Jean-Paul Sartre a toujours suscité la haine, aussi bien de la grande presse que des intellectuels de droite, aussi bien des catholiques que des communistes, jusqu’à être victime d’un attentat perpétré par l’OAS (comme Malraux, mais lui était ministre). Preuve de la vitalité de son oeuvre, cette haine persiste aujourd’hui. Ici, il s’agit de Jean Amadou, chansonnier du Boulevard, qui ne se contente pas de dire des âneries réactionnaires : il en écrit.

Le chapitre s’intitule Sartre…le retour. M. Amadou s’enflamme (je m’essaie à son humour très fin !) et suffoque d’indignation au succès fait au livre de Bernard-Henri Lévy Le siècle de Sartre : Brusquement, son étude sur Sartre a fait l’unanimité. « Son meilleur livre et de loin », se réjouit l’intelligentsia. En eût-il été de même si Bernard-Henri avait publié Le Siècle de Raymond Aron ou Le Siècle de Malraux ? M. Amadou ne lit pas BHL : il saurait que celui-ci est aussi un grand admirateur de Malraux (voir Lévy sur ce site) et un artisan de sa panthéonisation.
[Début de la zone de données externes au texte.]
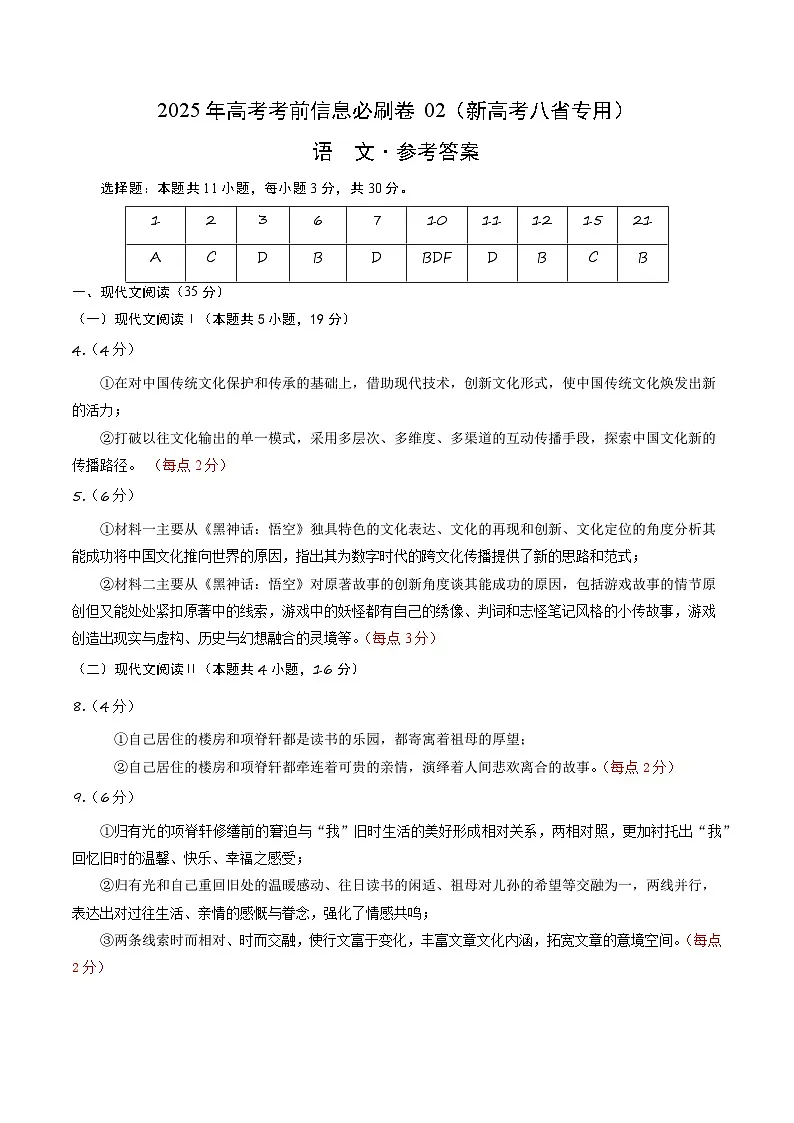 信息必刷卷02(新高考八省专用)参考答案第1页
Que pouvait-il faire de plus pour Malraux ? Quant à Raymond Aron, si l’on veut compenser quelque peu la douleur de ceux qui ont vu Sartre nobélisé (contre son gré - quel gâchis !) qu’on le mette aussi au Panthéon !

 

Ignoble

Et puis la grosse saloperie : En 1943, dans l’année la plus noire de l’Occupation, [Sartre] fit jouer à Paris Les Mouches. C’est-à-dire qu’il fit très exactement ce que fit Sacha Guitry, donner ses pièces en représentation devant un parterre d’officiers allemands, à cette différence qu’à la Libération Guitry fut arrêté alors que Sartre fit partie du Comité d’épuration, qui décidait quel écrivain avait encore le droit de publier et quel autre devait être banni. André Malraux, qui, lui, avait risqué sa vie dans la Résistance, ne se crut pas autorisé pour autant à faire partie de ce tribunal autoproclamé.
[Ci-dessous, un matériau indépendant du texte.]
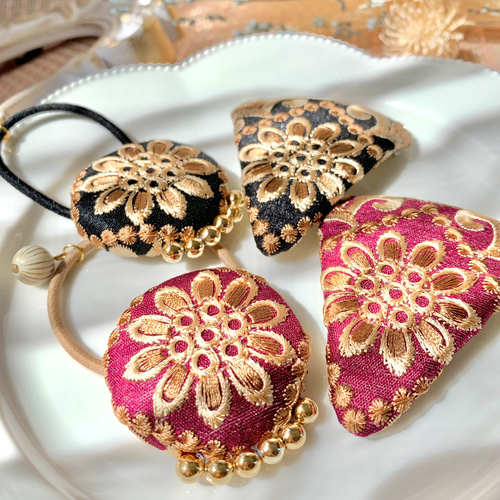 大人可愛いリボンヘアゴム☆インド刺繍リボン×ペタシャムリボンP544 大人可愛いリボンヘアゴム☆インド刺繍リボン×ペタシャムリボンP544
Malraux, Résistant fort circonspect, se fit attribuer toutes les médailles de Résistance en truquant ses états de service, et figura bien entendu en bonne place dans le Comité d’épuration. Sacha Guitry (1885-1957) était un pétainiste militant, comme en témoigne son livre De Jeanne d’Arc à Pétain. Pendant l’Occupation il a entretenu les meilleures relations avec les nazis et le ministre Schleier, ce qui lui a permis d’éviter la déportation à certains de ses amis, notamment Tristan Bernard. Il a même eu le privilège de rencontrer le maréchal Goering. Qu’il ait dû rendre des comptes à la Libération était la moindre des choses. Mettre sur le même plan son attitude et celle de Sartre est une ignominie.